Camp Red Jacket


The story behind Camp Red Jacket

Located at beautiful Camp Fowler in Orefield, Pa., Camp Red Jacket is a day camp run by Lehigh Valley Health Network’s Helwig Health and Diabetes Center in partnership with the Loretti Fund.

Chief Red Jacket was a Seneca Indian from New York named Sagoyewatha, who helped the United States in the War of 1812. He earned his anglicized name from the succession of red jackets given to him by British soldiers. Respected for his wisdom, justice and tolerance of individual rights, Chief Red Jacket also loved nature and was known as the “Pine Tree” chief.

The camp was named by Frank Loretti, a longtime supporter and friend of Lehigh Valley Health Network. Mr. Loretti was sailing on a New York lake when a storm arose, forcing him to seek shelter.

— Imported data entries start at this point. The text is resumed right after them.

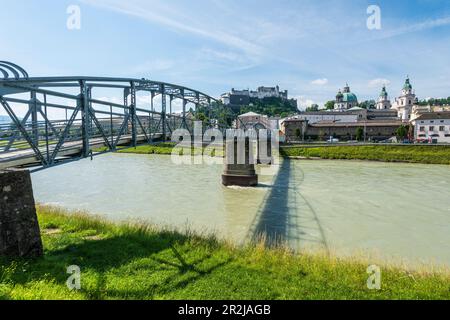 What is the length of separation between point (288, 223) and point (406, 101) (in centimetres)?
12257

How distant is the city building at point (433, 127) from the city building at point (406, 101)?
42443mm

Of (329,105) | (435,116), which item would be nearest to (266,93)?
(329,105)

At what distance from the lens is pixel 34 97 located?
11914mm

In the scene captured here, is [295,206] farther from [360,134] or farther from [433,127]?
[433,127]

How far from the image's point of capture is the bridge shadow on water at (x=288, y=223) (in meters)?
14.0

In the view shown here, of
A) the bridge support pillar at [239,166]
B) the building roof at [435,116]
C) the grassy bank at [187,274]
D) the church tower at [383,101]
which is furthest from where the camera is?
the church tower at [383,101]

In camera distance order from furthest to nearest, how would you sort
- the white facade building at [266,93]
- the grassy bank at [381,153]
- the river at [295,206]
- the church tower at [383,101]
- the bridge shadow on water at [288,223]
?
the white facade building at [266,93] → the church tower at [383,101] → the grassy bank at [381,153] → the river at [295,206] → the bridge shadow on water at [288,223]

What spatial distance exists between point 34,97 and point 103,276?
8.07 meters

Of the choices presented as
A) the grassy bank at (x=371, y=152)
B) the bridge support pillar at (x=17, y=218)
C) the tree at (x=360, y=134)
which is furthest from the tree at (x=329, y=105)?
the bridge support pillar at (x=17, y=218)

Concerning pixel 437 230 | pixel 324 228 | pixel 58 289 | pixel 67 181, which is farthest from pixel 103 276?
pixel 67 181

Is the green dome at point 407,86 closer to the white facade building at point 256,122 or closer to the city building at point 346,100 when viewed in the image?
the city building at point 346,100

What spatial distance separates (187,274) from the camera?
7914mm

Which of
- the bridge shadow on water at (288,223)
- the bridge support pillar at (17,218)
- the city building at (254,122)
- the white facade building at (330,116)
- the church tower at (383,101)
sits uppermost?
the church tower at (383,101)

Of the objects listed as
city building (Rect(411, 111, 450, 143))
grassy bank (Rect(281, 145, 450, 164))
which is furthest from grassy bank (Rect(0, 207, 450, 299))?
city building (Rect(411, 111, 450, 143)) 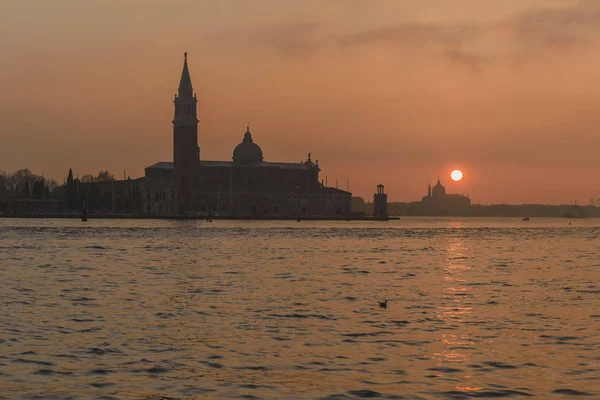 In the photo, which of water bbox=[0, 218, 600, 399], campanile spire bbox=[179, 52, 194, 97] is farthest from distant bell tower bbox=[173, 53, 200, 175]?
water bbox=[0, 218, 600, 399]

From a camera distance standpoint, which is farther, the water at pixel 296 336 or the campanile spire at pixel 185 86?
the campanile spire at pixel 185 86

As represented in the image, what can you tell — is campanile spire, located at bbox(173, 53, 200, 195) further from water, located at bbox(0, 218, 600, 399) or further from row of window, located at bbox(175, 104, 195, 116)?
water, located at bbox(0, 218, 600, 399)

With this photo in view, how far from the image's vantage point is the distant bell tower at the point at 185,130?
194 m

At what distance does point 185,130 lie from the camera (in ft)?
639

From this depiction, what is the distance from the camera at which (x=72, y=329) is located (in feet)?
64.8

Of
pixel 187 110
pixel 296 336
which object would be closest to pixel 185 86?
pixel 187 110

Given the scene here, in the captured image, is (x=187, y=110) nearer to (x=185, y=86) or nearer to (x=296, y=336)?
(x=185, y=86)

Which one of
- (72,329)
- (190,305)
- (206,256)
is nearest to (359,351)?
(72,329)

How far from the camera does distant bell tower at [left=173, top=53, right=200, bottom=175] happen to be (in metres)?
194

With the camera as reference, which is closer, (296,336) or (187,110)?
(296,336)

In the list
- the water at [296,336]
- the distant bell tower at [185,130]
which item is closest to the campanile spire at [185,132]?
the distant bell tower at [185,130]

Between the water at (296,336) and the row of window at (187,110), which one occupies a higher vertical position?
the row of window at (187,110)

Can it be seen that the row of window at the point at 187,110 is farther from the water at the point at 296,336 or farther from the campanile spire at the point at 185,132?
the water at the point at 296,336

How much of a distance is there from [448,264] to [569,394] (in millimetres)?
31483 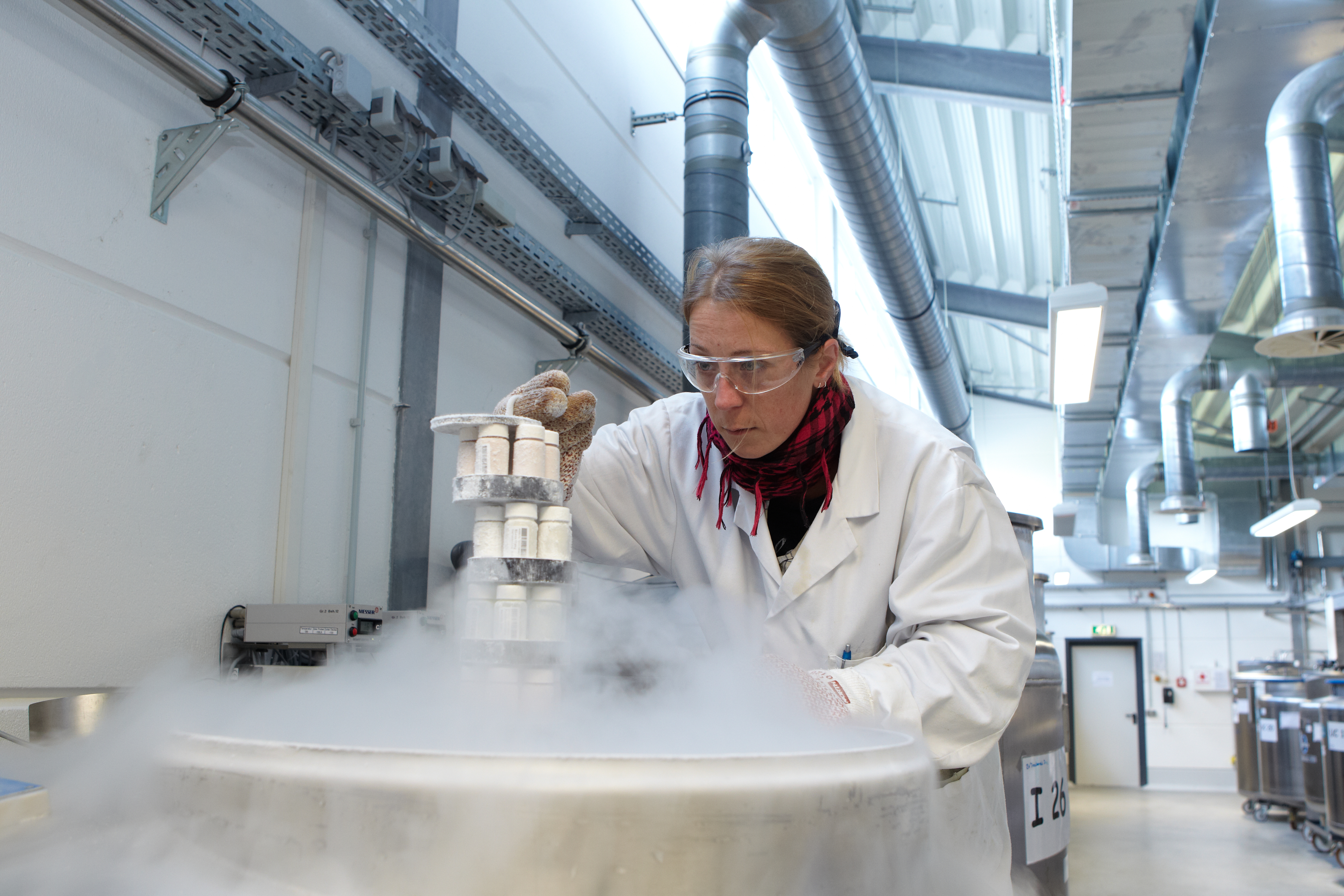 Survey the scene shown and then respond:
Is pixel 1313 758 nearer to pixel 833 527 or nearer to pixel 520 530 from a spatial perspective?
pixel 833 527

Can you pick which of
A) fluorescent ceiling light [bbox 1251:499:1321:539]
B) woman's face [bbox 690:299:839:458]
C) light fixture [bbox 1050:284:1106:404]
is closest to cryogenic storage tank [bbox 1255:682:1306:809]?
fluorescent ceiling light [bbox 1251:499:1321:539]

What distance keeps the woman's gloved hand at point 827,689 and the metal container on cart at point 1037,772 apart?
1.01 metres

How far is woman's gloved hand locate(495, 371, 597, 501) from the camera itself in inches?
40.6

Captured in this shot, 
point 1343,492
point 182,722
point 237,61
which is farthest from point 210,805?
point 1343,492

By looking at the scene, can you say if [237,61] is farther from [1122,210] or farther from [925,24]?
[925,24]

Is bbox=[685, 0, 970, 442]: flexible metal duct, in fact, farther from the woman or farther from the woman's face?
the woman's face

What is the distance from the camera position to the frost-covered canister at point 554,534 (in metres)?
0.88

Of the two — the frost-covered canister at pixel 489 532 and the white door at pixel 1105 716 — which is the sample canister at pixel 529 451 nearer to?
the frost-covered canister at pixel 489 532

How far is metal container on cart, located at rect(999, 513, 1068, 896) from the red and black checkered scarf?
71 cm

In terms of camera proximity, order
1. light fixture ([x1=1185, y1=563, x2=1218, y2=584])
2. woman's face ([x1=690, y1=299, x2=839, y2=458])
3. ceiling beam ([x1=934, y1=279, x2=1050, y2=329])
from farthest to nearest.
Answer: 1. light fixture ([x1=1185, y1=563, x2=1218, y2=584])
2. ceiling beam ([x1=934, y1=279, x2=1050, y2=329])
3. woman's face ([x1=690, y1=299, x2=839, y2=458])

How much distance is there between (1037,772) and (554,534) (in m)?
1.59

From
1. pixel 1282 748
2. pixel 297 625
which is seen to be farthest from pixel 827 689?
pixel 1282 748

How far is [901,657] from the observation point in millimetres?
1006

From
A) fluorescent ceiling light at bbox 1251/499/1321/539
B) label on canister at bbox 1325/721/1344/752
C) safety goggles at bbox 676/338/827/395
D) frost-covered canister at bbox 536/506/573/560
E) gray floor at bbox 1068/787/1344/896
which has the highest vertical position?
fluorescent ceiling light at bbox 1251/499/1321/539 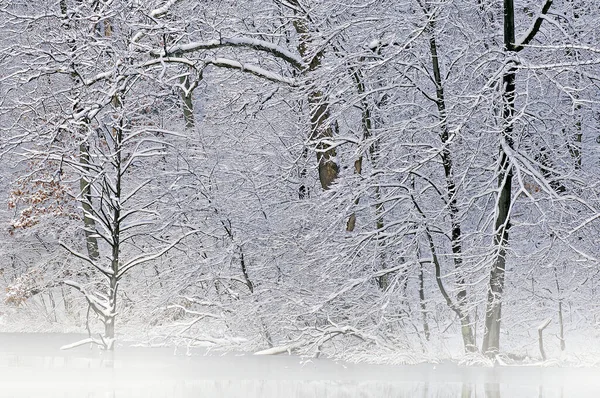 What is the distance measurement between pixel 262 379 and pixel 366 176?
275 cm

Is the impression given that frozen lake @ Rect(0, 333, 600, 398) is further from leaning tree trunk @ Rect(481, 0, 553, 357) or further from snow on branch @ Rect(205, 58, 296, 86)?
snow on branch @ Rect(205, 58, 296, 86)

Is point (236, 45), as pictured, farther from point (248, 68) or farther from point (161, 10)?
point (161, 10)

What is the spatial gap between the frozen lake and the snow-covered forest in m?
0.59

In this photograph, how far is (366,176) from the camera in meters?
9.95

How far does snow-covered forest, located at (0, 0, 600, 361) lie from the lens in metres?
9.57

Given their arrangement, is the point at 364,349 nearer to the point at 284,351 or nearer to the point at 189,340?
the point at 284,351

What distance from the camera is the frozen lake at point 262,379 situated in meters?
8.04

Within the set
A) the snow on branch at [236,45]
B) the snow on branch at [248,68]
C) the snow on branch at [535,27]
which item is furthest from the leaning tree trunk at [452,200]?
the snow on branch at [248,68]

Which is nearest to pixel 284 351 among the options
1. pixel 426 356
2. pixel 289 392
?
pixel 426 356

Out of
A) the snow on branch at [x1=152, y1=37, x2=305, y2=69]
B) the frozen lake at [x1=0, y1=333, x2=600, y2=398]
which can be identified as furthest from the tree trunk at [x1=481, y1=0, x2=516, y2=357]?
the snow on branch at [x1=152, y1=37, x2=305, y2=69]

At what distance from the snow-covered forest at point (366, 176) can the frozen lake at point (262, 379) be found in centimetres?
59

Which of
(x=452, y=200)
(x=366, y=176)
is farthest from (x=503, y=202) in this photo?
(x=366, y=176)

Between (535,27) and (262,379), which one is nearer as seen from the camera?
(262,379)

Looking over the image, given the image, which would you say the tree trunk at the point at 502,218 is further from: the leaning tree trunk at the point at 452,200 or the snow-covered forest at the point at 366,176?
the leaning tree trunk at the point at 452,200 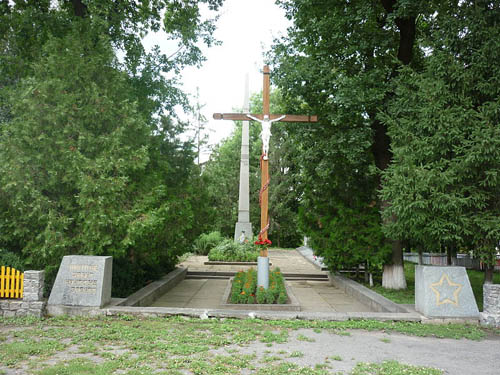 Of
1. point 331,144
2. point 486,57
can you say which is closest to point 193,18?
point 331,144

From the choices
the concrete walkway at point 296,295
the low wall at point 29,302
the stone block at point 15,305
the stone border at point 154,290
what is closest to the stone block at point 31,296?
the low wall at point 29,302

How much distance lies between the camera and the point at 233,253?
60.6ft

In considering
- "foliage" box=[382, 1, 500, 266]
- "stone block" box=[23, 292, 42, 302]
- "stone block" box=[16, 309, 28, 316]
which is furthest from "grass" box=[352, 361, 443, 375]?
"stone block" box=[16, 309, 28, 316]

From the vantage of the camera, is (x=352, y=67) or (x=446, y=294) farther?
(x=352, y=67)

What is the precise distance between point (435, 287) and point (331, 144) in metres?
4.13

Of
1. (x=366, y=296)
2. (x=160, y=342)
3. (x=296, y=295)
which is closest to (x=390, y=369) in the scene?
(x=160, y=342)

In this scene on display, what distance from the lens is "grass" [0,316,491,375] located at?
4.69 meters

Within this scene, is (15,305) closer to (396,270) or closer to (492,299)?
(492,299)

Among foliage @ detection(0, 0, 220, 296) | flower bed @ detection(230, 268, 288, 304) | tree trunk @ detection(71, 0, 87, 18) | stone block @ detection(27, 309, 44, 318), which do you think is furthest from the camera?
tree trunk @ detection(71, 0, 87, 18)

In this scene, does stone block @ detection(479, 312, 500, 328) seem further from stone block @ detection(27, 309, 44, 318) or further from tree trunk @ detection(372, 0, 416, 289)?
stone block @ detection(27, 309, 44, 318)

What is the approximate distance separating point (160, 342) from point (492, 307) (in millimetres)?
5716

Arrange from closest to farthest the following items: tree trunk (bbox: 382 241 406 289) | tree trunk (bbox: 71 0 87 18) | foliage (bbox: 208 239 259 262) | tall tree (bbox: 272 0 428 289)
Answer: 1. tall tree (bbox: 272 0 428 289)
2. tree trunk (bbox: 382 241 406 289)
3. tree trunk (bbox: 71 0 87 18)
4. foliage (bbox: 208 239 259 262)

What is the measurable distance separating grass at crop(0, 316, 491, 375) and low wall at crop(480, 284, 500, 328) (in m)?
0.27

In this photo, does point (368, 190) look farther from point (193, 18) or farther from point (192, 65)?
point (193, 18) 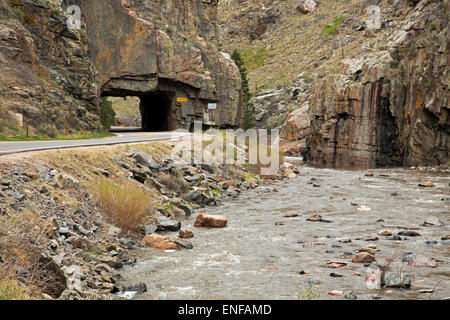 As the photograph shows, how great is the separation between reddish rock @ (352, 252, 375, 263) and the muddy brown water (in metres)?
0.22

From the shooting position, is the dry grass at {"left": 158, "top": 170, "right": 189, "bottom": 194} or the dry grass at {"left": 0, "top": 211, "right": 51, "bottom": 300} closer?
the dry grass at {"left": 0, "top": 211, "right": 51, "bottom": 300}

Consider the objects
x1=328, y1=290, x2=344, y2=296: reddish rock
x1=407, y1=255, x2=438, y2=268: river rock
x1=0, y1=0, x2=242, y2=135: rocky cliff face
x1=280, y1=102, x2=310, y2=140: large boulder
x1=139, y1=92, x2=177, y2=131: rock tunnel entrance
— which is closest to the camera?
x1=328, y1=290, x2=344, y2=296: reddish rock

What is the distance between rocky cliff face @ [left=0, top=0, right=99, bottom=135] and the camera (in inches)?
985

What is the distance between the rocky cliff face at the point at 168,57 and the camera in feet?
135

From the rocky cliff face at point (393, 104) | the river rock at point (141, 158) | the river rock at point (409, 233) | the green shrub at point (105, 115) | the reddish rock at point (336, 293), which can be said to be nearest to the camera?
the reddish rock at point (336, 293)

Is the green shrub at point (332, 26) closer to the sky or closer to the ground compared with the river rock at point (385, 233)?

He found refuge at a pier belonging to the Red Jacket Yacht Club, named after the great Indian chief, and thought it only fitting that the camp should bear this legend’s name.

Become a Camp Red Jacket donor

Camp Red Jacket is made possible in part by donations, large and small, from generous friends. If you would like to join our family of donors, call The Helwig Health and Diabetes Center at 610-402-DIAB (3422).

Ask about becoming a junior counselor

Volunteer junior counselor positions are available to qualified candidates ages 14 and up who have diabetes. For information, call the Helwig Health and Diabetes Center at 610-402-DIAB (3422).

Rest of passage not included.